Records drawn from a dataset
----------

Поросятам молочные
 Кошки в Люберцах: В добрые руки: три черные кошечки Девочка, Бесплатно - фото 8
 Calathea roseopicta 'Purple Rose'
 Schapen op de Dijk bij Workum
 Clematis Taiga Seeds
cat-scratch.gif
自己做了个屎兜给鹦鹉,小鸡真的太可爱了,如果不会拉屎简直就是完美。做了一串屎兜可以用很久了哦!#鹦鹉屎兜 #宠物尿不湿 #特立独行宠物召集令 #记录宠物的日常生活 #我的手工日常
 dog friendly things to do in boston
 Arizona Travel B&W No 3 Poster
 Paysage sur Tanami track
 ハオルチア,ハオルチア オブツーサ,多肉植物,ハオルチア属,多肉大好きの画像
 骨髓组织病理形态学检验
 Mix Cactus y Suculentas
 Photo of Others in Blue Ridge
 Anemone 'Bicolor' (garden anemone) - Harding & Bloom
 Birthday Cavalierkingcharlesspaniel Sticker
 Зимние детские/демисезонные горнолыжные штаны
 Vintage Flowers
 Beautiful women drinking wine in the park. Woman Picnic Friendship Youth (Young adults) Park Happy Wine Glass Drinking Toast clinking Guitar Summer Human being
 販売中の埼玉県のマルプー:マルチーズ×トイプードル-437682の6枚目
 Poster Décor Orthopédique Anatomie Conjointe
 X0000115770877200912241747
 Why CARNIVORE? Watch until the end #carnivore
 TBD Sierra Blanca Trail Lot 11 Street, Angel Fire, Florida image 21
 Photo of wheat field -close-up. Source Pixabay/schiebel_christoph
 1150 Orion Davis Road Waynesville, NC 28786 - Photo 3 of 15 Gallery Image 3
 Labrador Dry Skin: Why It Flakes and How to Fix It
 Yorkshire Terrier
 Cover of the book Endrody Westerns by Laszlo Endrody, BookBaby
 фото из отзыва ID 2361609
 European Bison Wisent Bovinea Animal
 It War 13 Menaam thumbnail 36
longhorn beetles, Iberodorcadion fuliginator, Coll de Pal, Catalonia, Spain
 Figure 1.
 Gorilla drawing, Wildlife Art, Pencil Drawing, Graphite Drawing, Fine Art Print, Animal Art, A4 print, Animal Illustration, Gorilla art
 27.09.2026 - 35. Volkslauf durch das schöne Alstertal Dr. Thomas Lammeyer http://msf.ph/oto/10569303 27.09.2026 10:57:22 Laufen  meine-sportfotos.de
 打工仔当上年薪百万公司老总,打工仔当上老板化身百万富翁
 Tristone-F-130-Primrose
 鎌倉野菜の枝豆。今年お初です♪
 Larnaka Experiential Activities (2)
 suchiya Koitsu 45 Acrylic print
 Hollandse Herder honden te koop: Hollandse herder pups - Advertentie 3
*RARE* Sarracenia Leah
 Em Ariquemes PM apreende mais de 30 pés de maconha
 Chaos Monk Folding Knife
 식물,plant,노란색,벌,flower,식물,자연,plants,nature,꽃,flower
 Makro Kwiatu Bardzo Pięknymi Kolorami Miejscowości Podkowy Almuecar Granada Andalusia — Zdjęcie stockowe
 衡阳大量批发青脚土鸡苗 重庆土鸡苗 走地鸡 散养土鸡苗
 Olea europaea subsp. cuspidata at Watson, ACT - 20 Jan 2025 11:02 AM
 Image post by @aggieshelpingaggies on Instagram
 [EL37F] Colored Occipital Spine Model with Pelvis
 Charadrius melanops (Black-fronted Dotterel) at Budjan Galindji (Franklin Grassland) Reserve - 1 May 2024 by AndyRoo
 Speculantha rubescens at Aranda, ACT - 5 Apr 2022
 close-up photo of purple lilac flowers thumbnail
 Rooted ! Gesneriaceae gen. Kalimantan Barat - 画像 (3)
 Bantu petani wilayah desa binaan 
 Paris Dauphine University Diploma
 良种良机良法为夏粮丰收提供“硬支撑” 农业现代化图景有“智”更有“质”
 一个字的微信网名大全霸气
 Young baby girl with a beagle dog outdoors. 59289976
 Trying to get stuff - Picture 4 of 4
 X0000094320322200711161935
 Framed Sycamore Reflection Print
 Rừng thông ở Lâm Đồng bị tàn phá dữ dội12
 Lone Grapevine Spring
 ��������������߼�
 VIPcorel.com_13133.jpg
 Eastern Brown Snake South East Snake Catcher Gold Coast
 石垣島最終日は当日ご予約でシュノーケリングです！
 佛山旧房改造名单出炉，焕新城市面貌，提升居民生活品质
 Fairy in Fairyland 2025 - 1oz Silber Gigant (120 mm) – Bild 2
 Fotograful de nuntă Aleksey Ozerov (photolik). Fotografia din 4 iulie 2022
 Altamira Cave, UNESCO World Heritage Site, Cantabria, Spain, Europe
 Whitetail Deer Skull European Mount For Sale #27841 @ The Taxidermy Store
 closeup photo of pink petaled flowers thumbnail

----------

WHAT TO WORK ON -
Only the lines above, from the first through the one holding "Chaos Monk Folding Knife", are to be output, and they must be copied exactly.

SOLUTION TO THE PROBLEM -
Поросятам молочные
 Кошки в Люберцах: В добрые руки: три черные кошечки Девочка, Бесплатно - фото 8
 Calathea roseopicta 'Purple Rose'
 Schapen op de Dijk bij Workum
 Clematis Taiga Seeds
cat-scratch.gif
自己做了个屎兜给鹦鹉,小鸡真的太可爱了,如果不会拉屎简直就是完美。做了一串屎兜可以用很久了哦!#鹦鹉屎兜 #宠物尿不湿 #特立独行宠物召集令 #记录宠物的日常生活 #我的手工日常
 dog friendly things to do in boston
 Arizona Travel B&W No 3 Poster
 Paysage sur Tanami track
 ハオルチア,ハオルチア オブツーサ,多肉植物,ハオルチア属,多肉大好きの画像
 骨髓组织病理形态学检验
 Mix Cactus y Suculentas
 Photo of Others in Blue Ridge
 Anemone 'Bicolor' (garden anemone) - Harding & Bloom
 Birthday Cavalierkingcharlesspaniel Sticker
 Зимние детские/демисезонные горнолыжные штаны
 Vintage Flowers
 Beautiful women drinking wine in the park. Woman Picnic Friendship Youth (Young adults) Park Happy Wine Glass Drinking Toast clinking Guitar Summer Human being
 販売中の埼玉県のマルプー:マルチーズ×トイプードル-437682の6枚目
 Poster Décor Orthopédique Anatomie Conjointe
 X0000115770877200912241747
 Why CARNIVORE? Watch until the end #carnivore
 TBD Sierra Blanca Trail Lot 11 Street, Angel Fire, Florida image 21
 Photo of wheat field -close-up. Source Pixabay/schiebel_christoph
 1150 Orion Davis Road Waynesville, NC 28786 - Photo 3 of 15 Gallery Image 3
 Labrador Dry Skin: Why It Flakes and How to Fix It
 Yorkshire Terrier
 Cover of the book Endrody Westerns by Laszlo Endrody, BookBaby
 фото из отзыва ID 2361609
 European Bison Wisent Bovinea Animal
 It War 13 Menaam thumbnail 36
longhorn beetles, Iberodorcadion fuliginator, Coll de Pal, Catalonia, Spain
 Figure 1.
 Gorilla drawing, Wildlife Art, Pencil Drawing, Graphite Drawing, Fine Art Print, Animal Art, A4 print, Animal Illustration, Gorilla art
 27.09.2026 - 35. Volkslauf durch das schöne Alstertal Dr. Thomas Lammeyer http://msf.ph/oto/10569303 27.09.2026 10:57:22 Laufen  meine-sportfotos.de
 打工仔当上年薪百万公司老总,打工仔当上老板化身百万富翁
 Tristone-F-130-Primrose
 鎌倉野菜の枝豆。今年お初です♪
 Larnaka Experiential Activities (2)
 suchiya Koitsu 45 Acrylic print
 Hollandse Herder honden te koop: Hollandse herder pups - Advertentie 3
*RARE* Sarracenia Leah
 Em Ariquemes PM apreende mais de 30 pés de maconha
 Chaos Monk Folding Knife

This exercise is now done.